Collected data entries:
== Segment start ==

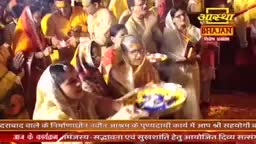 A woman in a light sari holds a plate of offerings, her eyes focused ahead. The crowd around her, dressed in bright yellow and white, is a sea of devotional faces.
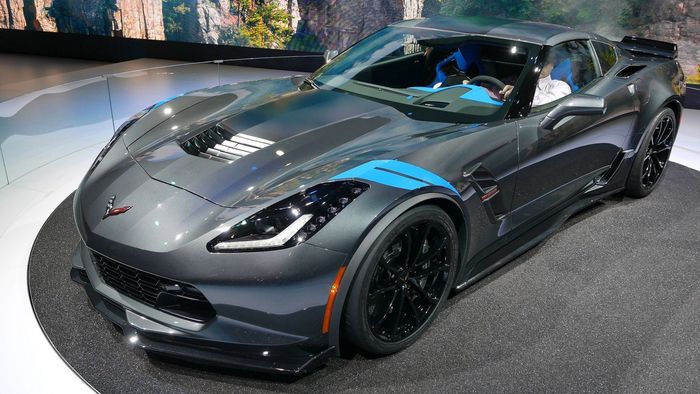 A gray sports car with a blue stripe on the side is on display at a car show.
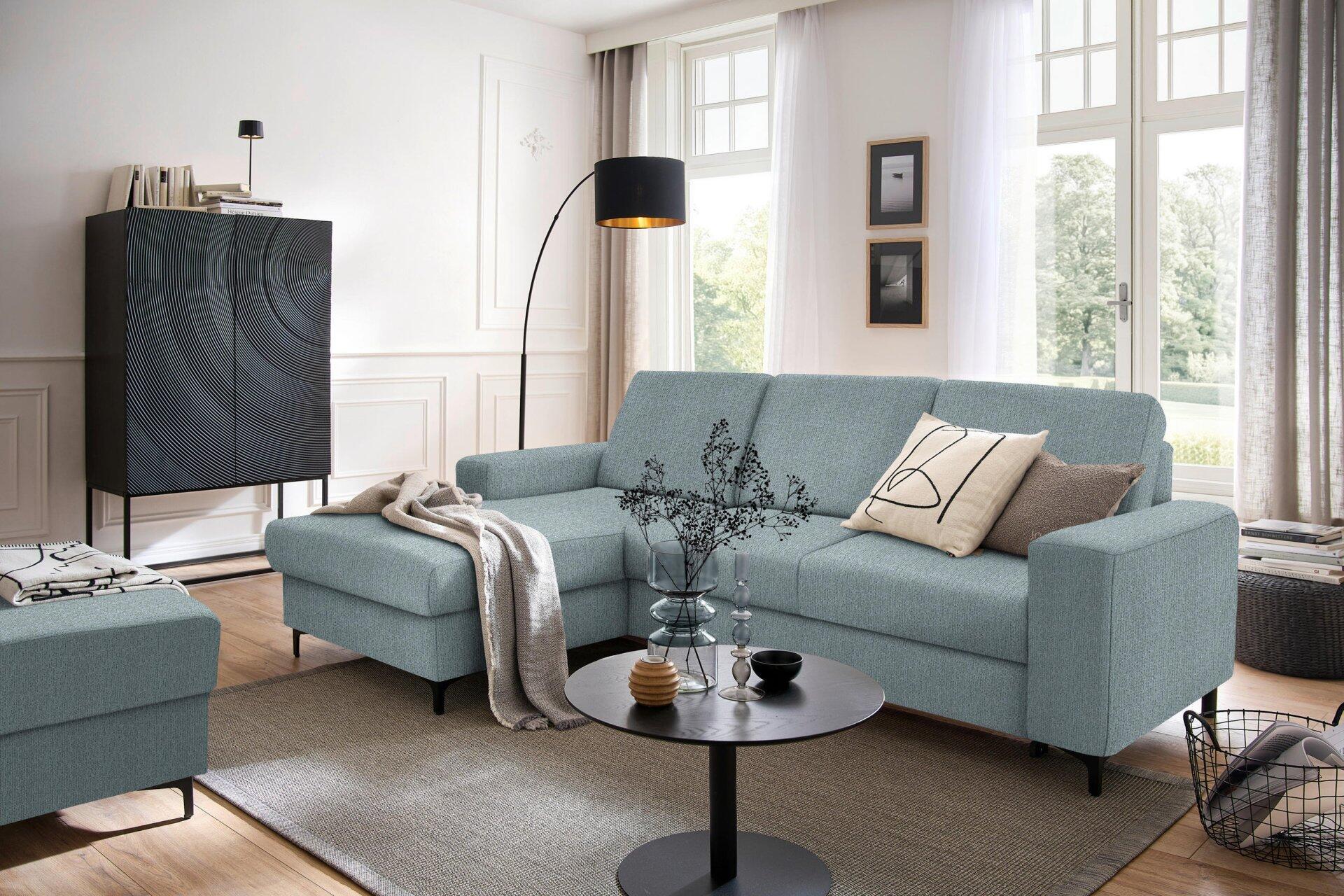 Helles Ecksofa Balina mit L-Form, breiten Armlehnen und Winkelfüßen in Schwarz, in einer Drei-Viertel-Ansicht im modernen Wohnzimmer.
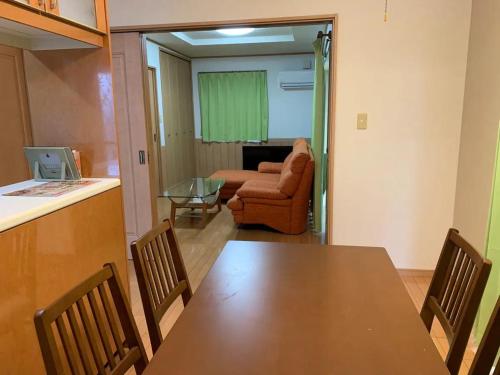 a dining room with a table and a chair at Yado wa Good Rich Aizumi - Vacation STAY 30409v in Ōtera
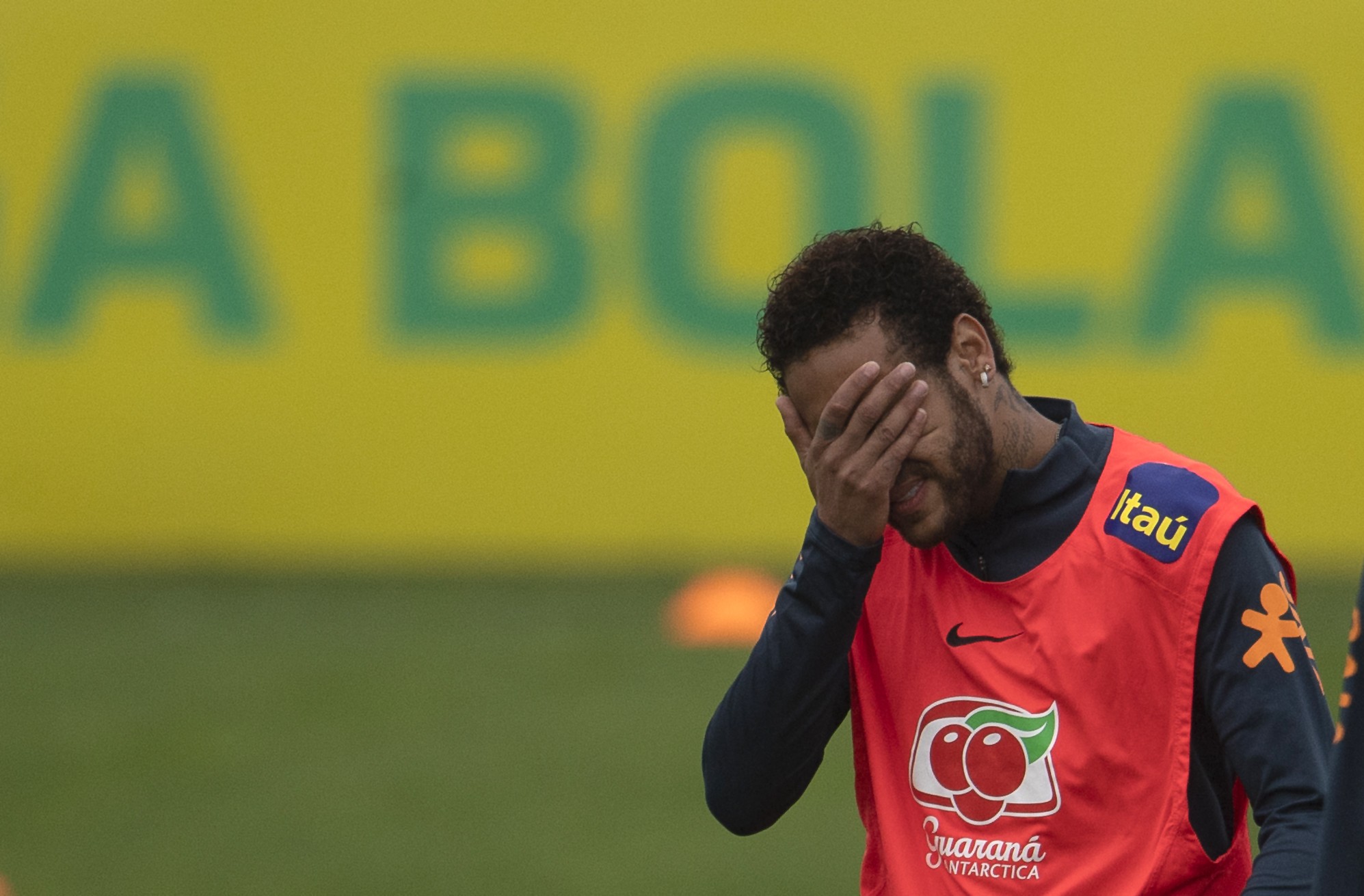 Brazil and Paris St Germain star covers his eyes during training at the Granja Comary sport complex in Teresopolis, Brazil. Photo: AFP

== Segment end ==

**WORK ITEM:**
Once you find the line that contains "Helles Ecksofa Balina", reproduce it and every line after it through the end of the entries above, exactly as written, with no pictures.

**OUTPUT FOR THIS TASK:**
 Helles Ecksofa Balina mit L-Form, breiten Armlehnen und Winkelfüßen in Schwarz, in einer Drei-Viertel-Ansicht im modernen Wohnzimmer.
 a dining room with a table and a chair at Yado wa Good Rich Aizumi - Vacation STAY 30409v in Ōtera
 Brazil and Paris St Germain star covers his eyes during training at the Granja Comary sport complex in Teresopolis, Brazil. Photo: AFP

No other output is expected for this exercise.